What Changed and When
Existing customers who had solar systems installed under NEM 2.0 were grandfathered into the old structure for 20 years from their original interconnection date — a protection that the CPUC included after fierce advocacy from solar industry groups and consumer advocates. But homeowners who installed systems after April 2023, or who are considering solar now, face a fundamentally different financial picture. The payback period under NEM 3.0 for a typical Manteca home — depending on system size, usage patterns, and financing terms — has stretched to 11 to 14 years in many estimates reviewed by DFP. That lengthened payback significantly changes the risk calculation for households considering a 25-year system investment.
Local solar installers serving the Manteca, Stockton, and Modesto markets say the policy change hit their business hard in the months immediately following implementation.
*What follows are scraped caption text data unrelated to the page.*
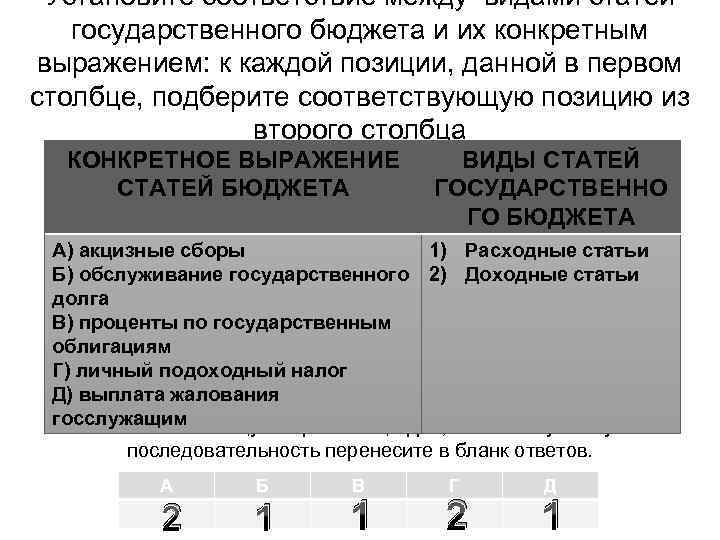 Установите соответствие между видами статей государственного бюджета и их конкретным выражением: к каждой позиции,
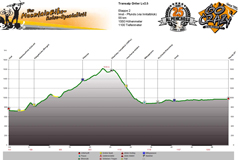 Höhenprofil Imst - Pfunds (via Pillerhöhe) Tag 2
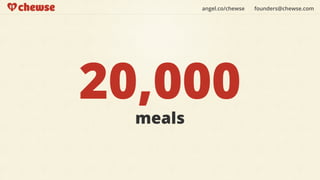 angel.co/chewse   founders@chewse.com




20,000
  meals
 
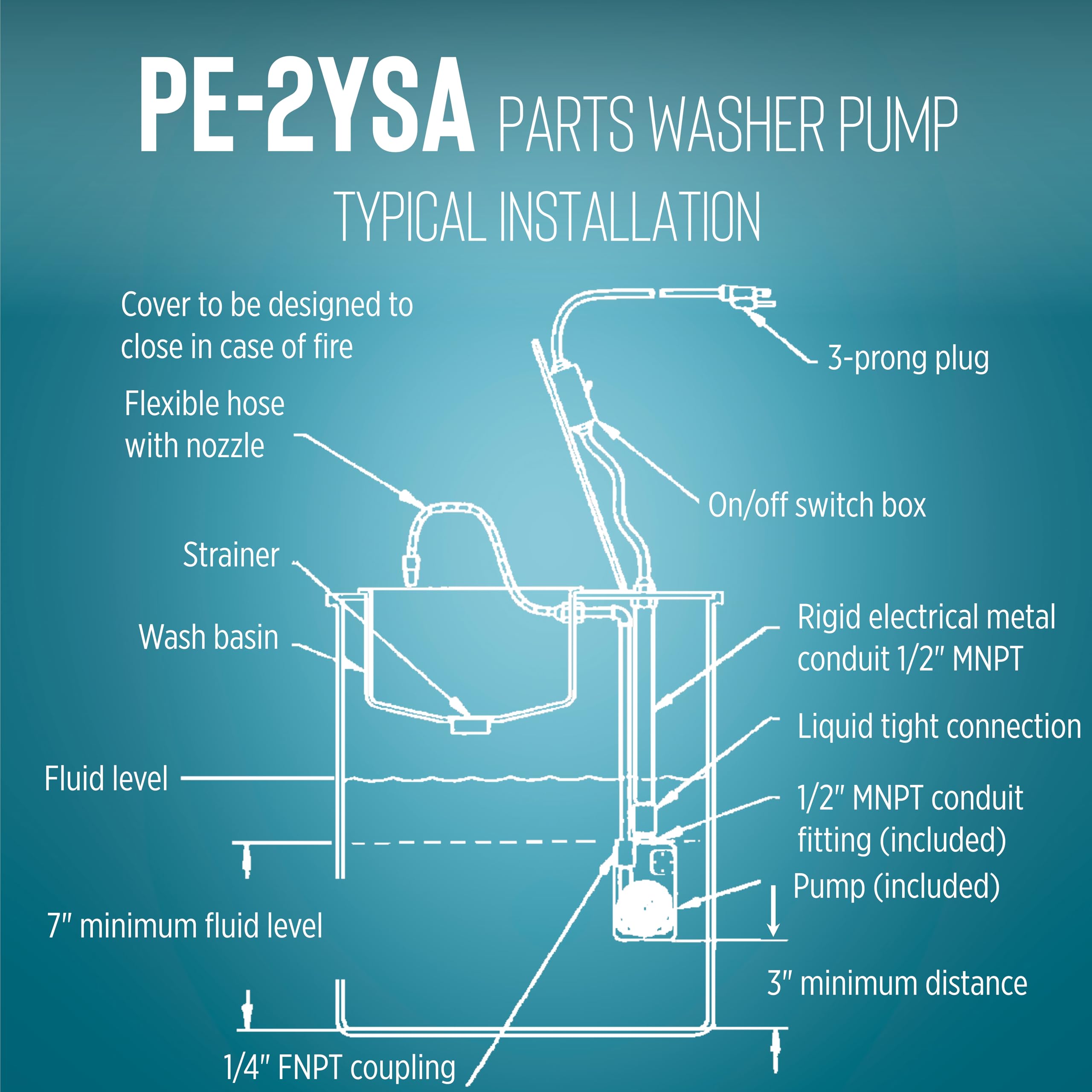 Little Giant PE-2YSA thermal overload protection adds safety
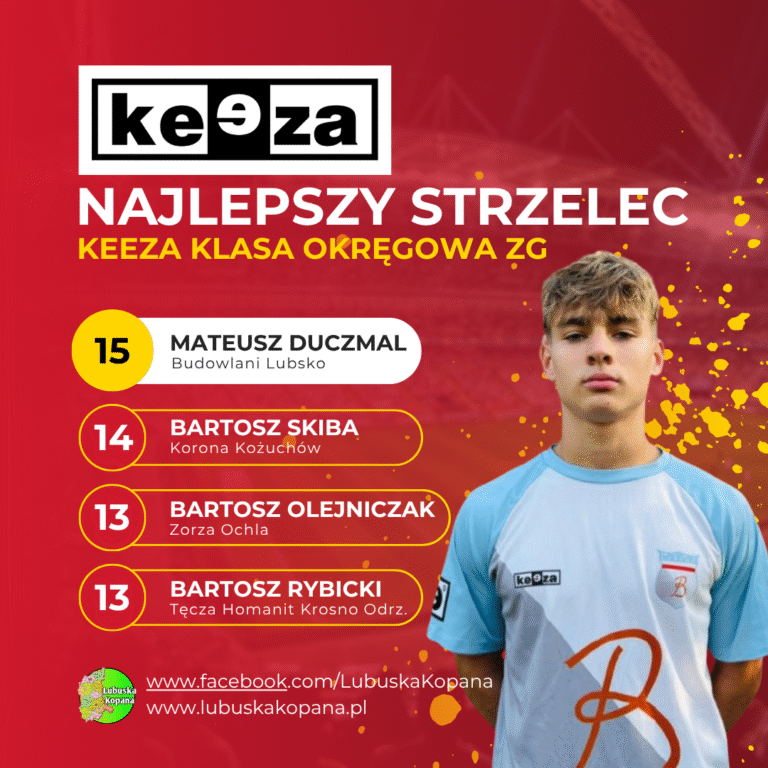 Red Simple Soccer Top Scorers Instagram Post(15)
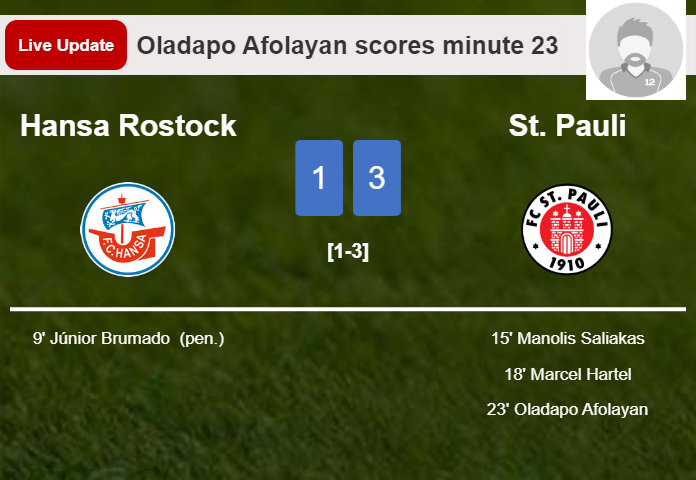 LIVE UPDATES. St. Pauli extends the lead over Hansa Rostock with a goal from Oladapo Afolayan in the 23 minute and the result is 3-1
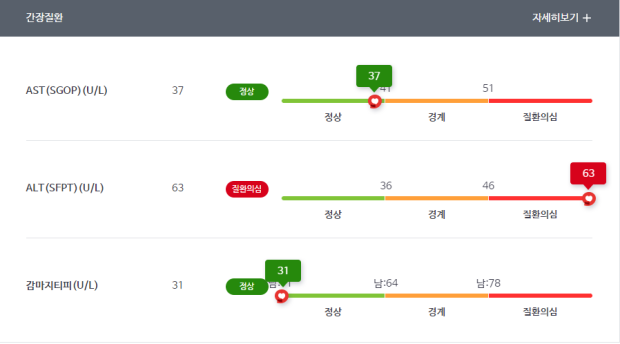 ALT(SGPT) 수치 이상 : 지식iN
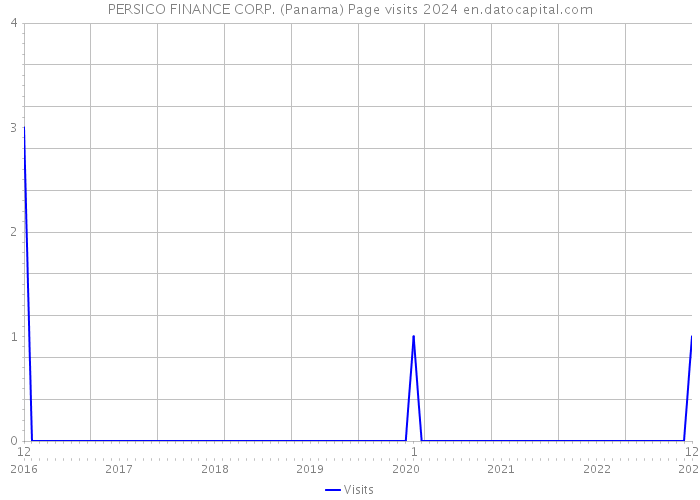 PERSICO FINANCE CORP. (Panama) Page visits 2024 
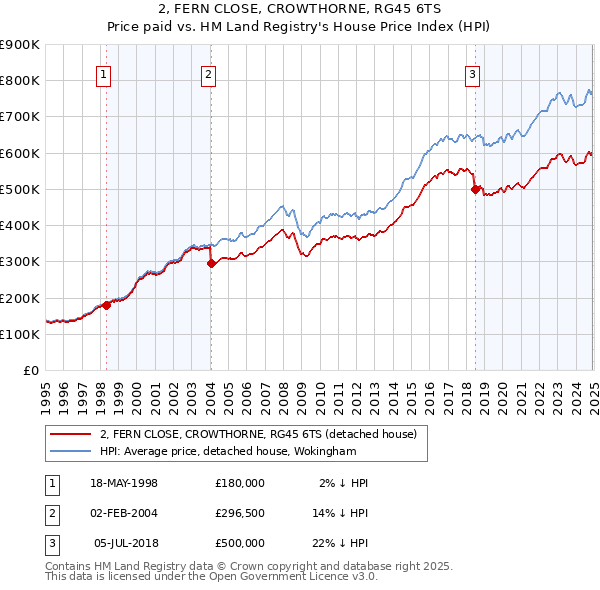 2, FERN CLOSE, CROWTHORNE, RG45 6TS: Price paid vs HM Land Registry's House Price Index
Several companies reported a sharp decline in new residential contracts in late 2023. The sales pitch that had worked reliably for years — "eliminate your PG&E bill" — became more complicated to deliver. Companies that had built their pitch around fast payback periods had to retrain sales staff and rebuild their financial modeling. Some shifted focus toward solar-plus-battery systems, which perform better under NEM 3.0 because they allow homeowners to store power for self-consumption rather than export it to the grid at low rates. Battery storage adds $10,000 to $15,000 to a typical residential installation.
For the Central Valley's broader climate goals, the NEM 3.0 transition raises real questions. The Valley's combination of abundant sunshine, high air conditioning loads, and a large stock of single-family homes with suitable rooftops had made it one of the most attractive regions in the state for residential solar deployment. Advocates had pointed to rooftop solar as a tool for reducing both household energy costs and the region's heavy dependence on natural gas for summer peak power. If the economic incentive that drove adoption has been significantly weakened, those climate and equity goals may take longer to achieve. For Valley families who stretched to afford a solar installation under the old rules, the transition is not an abstraction — it's a line item in a household budget that no longer pencils out the same way it did when they signed.
"The incentive that made solar make sense for a lot of Valley families just got a lot smaller."